Cette seule charge de la dette représente 10,5% du budget total de l’Etat, soit rien de moins que le quatrième poste de ses dépenses ! A titre de comparaison, pour 2019, le budget de la justice est 7,3 milliards d'euros et le budget accordé à la défense de 40 milliards d'euros.
Comment s'effectue le remboursement de la dette ?
Contrairement à de nombreux raccourcis qui peuvent être effectués, il n'est pas possible de comparer un particulier qui emprunte pour acheter une maison et un Etat qui a un besoin financier. La France ne frappe pas à la porte des banques pour demander de l'argent, elle émet ce que l'on appelle des "obligations" sur les marchés financiers.La grande différence entre les emprunts des particuliers et les obligations réside dans le remboursement. Prenons l'exemple suivant : la France a besoin de 10 milliards d'euros. Elle émet alors une obligation de 10 milliards, à 1% d'intérêt et à échéance de 10 ans. Entre 2019 et 2029, l'Etat ne versera au prêteur que les intérêts, soit ici 100 millions d'euros par an pendant 10 ans. Ce n'est qu'à la fin de l'obligation, en 2029, que la France versera au prêteur les 10 milliards d'euros. Elle verse alors tout en une fois et émet généralement une nouvelle obligation équivalente.

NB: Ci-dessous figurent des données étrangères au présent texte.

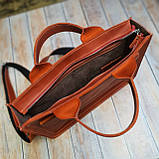 Шкіряна офісна сумка GS червоного кольору, фото 4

Or, il est nécessaire de rappeler que la France emprunte à des taux négatifs, et ce jusqu'à des obligations d'une durée de remboursement de 5 ans, comme on peut le voir sur les taux mis à jour par la Banque de France. Si les prêteurs acceptent ainsi des taux négatifs - et donc de perdre "un peu" d'argent - c'est parce que notre pays est considéré comme une valeur refuge, un placement sûr comparé à d'autres Etats, en raison notamment de son nombre d'actifs, à travers son patrimoine, ses infrastructures publiques, l'épargne détenue par les Français... Par exemple, le 10 décembre 2018, lorsqu'Emmanuel Macron a annoncé les mesures fiscales et sociales d'urgence face à la crise des Gilets Jaunes, ces 10 milliards d'euros de dépenses publiques en plus n'ont pas fait bouger d'un iota le marché des obligations, où les taux d'emprunt de la France sont restés à leur bas niveau.
La dette, une catastrophe économique pour la France ?

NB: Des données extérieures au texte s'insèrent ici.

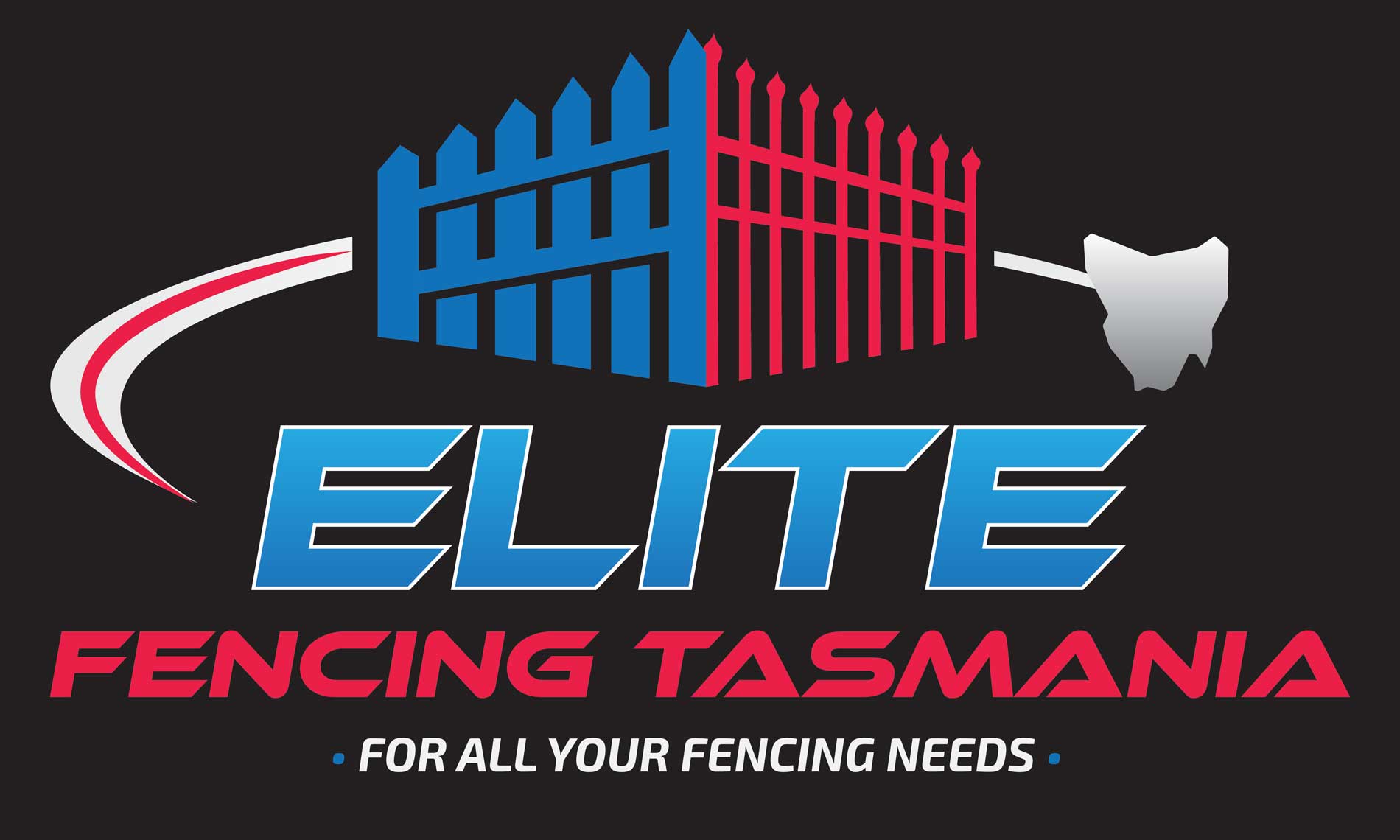 Elite fencing Tasmania logo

En 2019, la dette publique rapportée au PIB va encore augmenter, pour atteindre 98,7% du PIB. C'est un niveau jamais atteint depuis la Seconde Guerre mondiale. Pourtant, si aujourd'hui la dette frôle les 100%, ce n'est pas seulement dû à un excès de dépenses publiques, mais aussi à une activité économique plus timide ces dernières années. En effet, lorsque la croissance de l'économie est plus forte que la croissance de la dette, alors le pays se "désendette" malgré un déficit.
Ainsi, avec une valeur de dette constante, une hausse des créations de richesse ferait que, mécaniquement, le poids de la dette s’allégerait. Une perspective positive partagée par la Banque de France qui table sur une baisse constante de la charge de la dette française.